> [Activity] Your answer must be the records, copied with no change.

> [Materials provided]
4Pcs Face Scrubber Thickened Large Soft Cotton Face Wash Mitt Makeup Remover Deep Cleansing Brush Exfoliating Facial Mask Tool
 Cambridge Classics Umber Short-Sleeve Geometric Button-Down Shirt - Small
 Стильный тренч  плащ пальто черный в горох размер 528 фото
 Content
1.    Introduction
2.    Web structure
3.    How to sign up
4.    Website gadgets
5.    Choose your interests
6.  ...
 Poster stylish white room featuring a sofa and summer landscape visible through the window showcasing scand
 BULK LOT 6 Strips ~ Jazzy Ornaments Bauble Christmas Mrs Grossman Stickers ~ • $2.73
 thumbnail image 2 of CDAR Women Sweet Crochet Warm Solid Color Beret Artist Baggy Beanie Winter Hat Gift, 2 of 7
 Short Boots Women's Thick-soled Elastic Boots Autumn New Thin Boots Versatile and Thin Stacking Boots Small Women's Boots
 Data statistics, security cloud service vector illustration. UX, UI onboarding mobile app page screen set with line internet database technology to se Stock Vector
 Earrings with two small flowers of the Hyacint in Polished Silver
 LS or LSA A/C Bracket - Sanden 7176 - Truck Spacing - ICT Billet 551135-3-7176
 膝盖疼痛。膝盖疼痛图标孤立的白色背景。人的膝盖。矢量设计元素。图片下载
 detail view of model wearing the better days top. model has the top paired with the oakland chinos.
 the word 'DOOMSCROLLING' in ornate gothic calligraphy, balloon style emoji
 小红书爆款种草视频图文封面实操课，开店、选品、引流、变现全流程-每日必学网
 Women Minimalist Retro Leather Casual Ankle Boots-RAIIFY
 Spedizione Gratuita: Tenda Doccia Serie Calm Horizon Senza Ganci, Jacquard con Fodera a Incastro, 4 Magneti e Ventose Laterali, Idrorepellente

> [Result below]
4Pcs Face Scrubber Thickened Large Soft Cotton Face Wash Mitt Makeup Remover Deep Cleansing Brush Exfoliating Facial Mask Tool
 Cambridge Classics Umber Short-Sleeve Geometric Button-Down Shirt - Small
 Стильный тренч  плащ пальто черный в горох размер 528 фото
 Content
1.    Introduction
2.    Web structure
3.    How to sign up
4.    Website gadgets
5.    Choose your interests
6.  ...
 Poster stylish white room featuring a sofa and summer landscape visible through the window showcasing scand
 BULK LOT 6 Strips ~ Jazzy Ornaments Bauble Christmas Mrs Grossman Stickers ~ • $2.73
 thumbnail image 2 of CDAR Women Sweet Crochet Warm Solid Color Beret Artist Baggy Beanie Winter Hat Gift, 2 of 7
 Short Boots Women's Thick-soled Elastic Boots Autumn New Thin Boots Versatile and Thin Stacking Boots Small Women's Boots
 Data statistics, security cloud service vector illustration. UX, UI onboarding mobile app page screen set with line internet database technology to se Stock Vector
 Earrings with two small flowers of the Hyacint in Polished Silver
 LS or LSA A/C Bracket - Sanden 7176 - Truck Spacing - ICT Billet 551135-3-7176
 膝盖疼痛。膝盖疼痛图标孤立的白色背景。人的膝盖。矢量设计元素。图片下载
 detail view of model wearing the better days top. model has the top paired with the oakland chinos.
 the word 'DOOMSCROLLING' in ornate gothic calligraphy, balloon style emoji
 小红书爆款种草视频图文封面实操课，开店、选品、引流、变现全流程-每日必学网
 Women Minimalist Retro Leather Casual Ankle Boots-RAIIFY
 Spedizione Gratuita: Tenda Doccia Serie Calm Horizon Senza Ganci, Jacquard con Fodera a Incastro, 4 Magneti e Ventose Laterali, Idrorepellente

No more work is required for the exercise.